Yukarıdaki dört resim 24 Kasım 2012 günü aynı cadde üzerinde çekildi; İstanbul’da Şişli Cevahir Alışveriş Merkezi‘nin tam karşısında. Soldaki iki resim, Türkiye’nin üç mobil operatöründen biri olan Avea‘nın “Kapsama alanı“yla ilgili açıkhava reklamı. Sağdaki iki resim ise diğer iki operatör Turkcell ve Vodafone‘un 3G hızlarıyla ilgili reklamları. Acaba bu reklamlara bakan Avea kullanıcılarının aklından bir zamanların ünlü deyişi “Eller aya biz yaya” sözü geçiyor mudur çok merak ediyorum.

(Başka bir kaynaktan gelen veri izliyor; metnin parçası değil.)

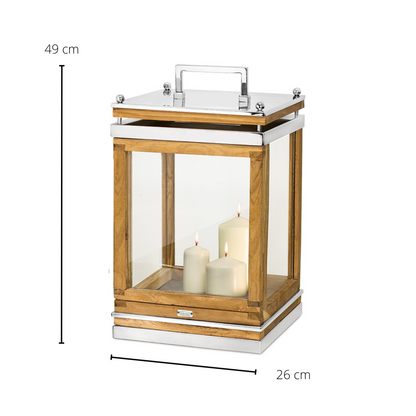EDZARD Lantaarn Huntsville met handvat, hout en roestvrij staal, glanzend vernikkeld, hoogte 49 cm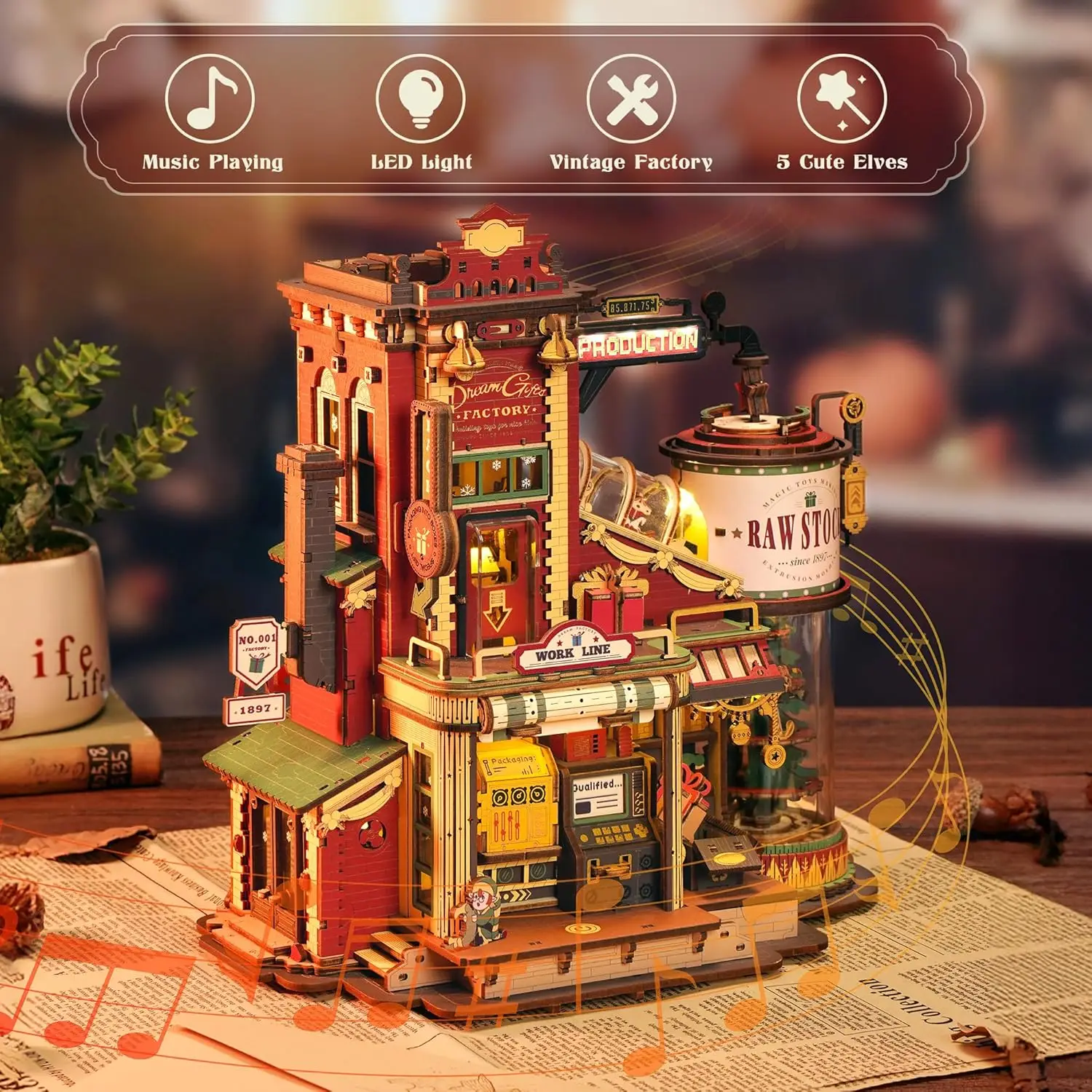 Robotime Rokr Wooden Music Box Christmas Dream Gift Factory 3D Wooden Puzzles Wooden Model Kits Build Best Gifts for Robotime Rokr Wooden Music Box Christmas Dream Gift Factory 3D Wooden Puzzles Wooden Model Kits Build Best Gifts for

Avea hâlâ insanları “Vallahi bizim kapsama sorunumuz yok“a ikna etmeye çabalarken biraz komik duruma düşmeye başladı. Diğer iki operatörün en az beş yıl önce hallettiği bir mesele konusunda “ben de yaptım, ben de yaptım” demekle kalmıyor, bir de milletin gözüne bunu sokuyor. Arkadan nal topladığını hedef kitleye sürekli olarak hatırlatan bu tür iletişim çalışmaları nasıl bir stratejinin ürünü gerçekten incelenmeye değer. Bu tür reklamlar için koskoca şirketin içinde kimse çıkıp da “Yahu 2012’deyiz, Türkiye’deki üç operatörden biriyiz, üstelik ortaklarımızdan biri ülkenin temel iletişim altyapısına sahip bir tekel, kapsama sorunumuz tabii olmayacak. Bu söylediğimizin bir otomobil firmasının çıkıp ‘benim arabam yolda gidiyor’ demesinden ne farkı var?” demiyor mu?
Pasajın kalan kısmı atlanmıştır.